Armamento versus educación

Tradicionalmente se ha criticado la forma como en Colombia, año tras año, el Congreso de la República encara el proyecto de ley que a la postre se convierte en la ley de Presupuesto Nacional para la vigencia fiscal del año siguiente. Recordemos que de acuerdo con lo contemplado en nuestra Carta Magna, el Ejecutivo tiene la responsabilidad y obligación de elaborar la propuesta inicial, tarea para la cual se toma todo el plazo comprendido entre el primer día hábil de cada año y la tercera semana de julio, una vez comenzadas las sesiones ordinarias del Congreso.

A partir de esta última fecha, el Legislativo dispone de tres meses (finales de octubre) para aprobar, improbar o reformar la propuesta del Gobierno. A mitad de camino de esta fase (mediados de septiembre) debe quedar ratificado el monto global, que para el 2010 significará unos desembolsos totales por valor de $148 billones (aproximadamente un 30% del PIB nacional).

Definido lo anterior, las últimas semanas de debate parlamentario están enfocadas básicamente a la discusión acerca de la distribución de los recursos en función del impacto que el gasto pueda tener en las distintas regiones y municipios, dispersos a lo largo y ancho de la geografía nacional. Así ocurre y así ha ocurrido habitualmente en Colombia, pero también pasa en Francia, en Estados Unidos y hasta en Cafarnaún. Por eso, se ha vuelto lugar común afirmar que en nuestro país el proyecto de presupuesto -una vez surtida la etapa de negociación o 'tire y afloje' entre legisladores y Gobierno-, finalmente se aprueba o en sesión conjunta de Senado y Cámara minutos antes de expirar el plazo previsto, a través de la figura del manotazo o pupitrazo limpio.

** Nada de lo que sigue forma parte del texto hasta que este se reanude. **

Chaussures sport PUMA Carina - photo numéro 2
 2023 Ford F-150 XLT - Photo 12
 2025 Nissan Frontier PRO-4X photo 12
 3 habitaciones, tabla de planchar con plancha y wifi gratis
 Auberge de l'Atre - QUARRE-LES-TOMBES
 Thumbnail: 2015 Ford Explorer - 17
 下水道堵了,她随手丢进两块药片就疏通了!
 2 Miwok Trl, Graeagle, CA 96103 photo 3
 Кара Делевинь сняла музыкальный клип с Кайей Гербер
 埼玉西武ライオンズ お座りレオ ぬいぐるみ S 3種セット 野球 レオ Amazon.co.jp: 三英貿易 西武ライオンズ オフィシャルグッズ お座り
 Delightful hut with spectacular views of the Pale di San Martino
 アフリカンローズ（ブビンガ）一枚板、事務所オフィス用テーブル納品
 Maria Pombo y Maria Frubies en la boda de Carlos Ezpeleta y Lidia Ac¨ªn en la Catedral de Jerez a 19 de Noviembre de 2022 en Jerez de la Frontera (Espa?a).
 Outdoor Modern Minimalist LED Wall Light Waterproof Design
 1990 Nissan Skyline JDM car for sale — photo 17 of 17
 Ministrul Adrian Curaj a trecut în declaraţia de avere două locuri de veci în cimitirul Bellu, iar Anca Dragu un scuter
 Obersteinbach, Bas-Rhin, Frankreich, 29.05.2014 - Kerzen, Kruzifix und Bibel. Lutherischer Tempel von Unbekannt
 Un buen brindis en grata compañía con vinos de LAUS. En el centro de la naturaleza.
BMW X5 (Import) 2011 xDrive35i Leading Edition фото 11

Este año el escenario cambió de manera importante, ya que por primera vez en mucho tiempo la discusión se centró, no en la repartija regional, sino en la asignación de los recursos por actividad a cubrir, que viene a ser un criterio más elevado y adecuado frente a los intereses meramente electorales.

Esto ocurrió gracias al llamado de atención que públicamente formularon los rectores de las universidades públicas, al considerar que el rubro presupuestal destinado a sus centros educativos no permitiría enfrentar los inmensos retos que hoy implica la prestación del servicio de educación a nivel superior. Que el tema haya sido motivo injustificado para la ocurrencia de hechos de violencia perpetrados por algunos extremistas, no le quita sustento al debate.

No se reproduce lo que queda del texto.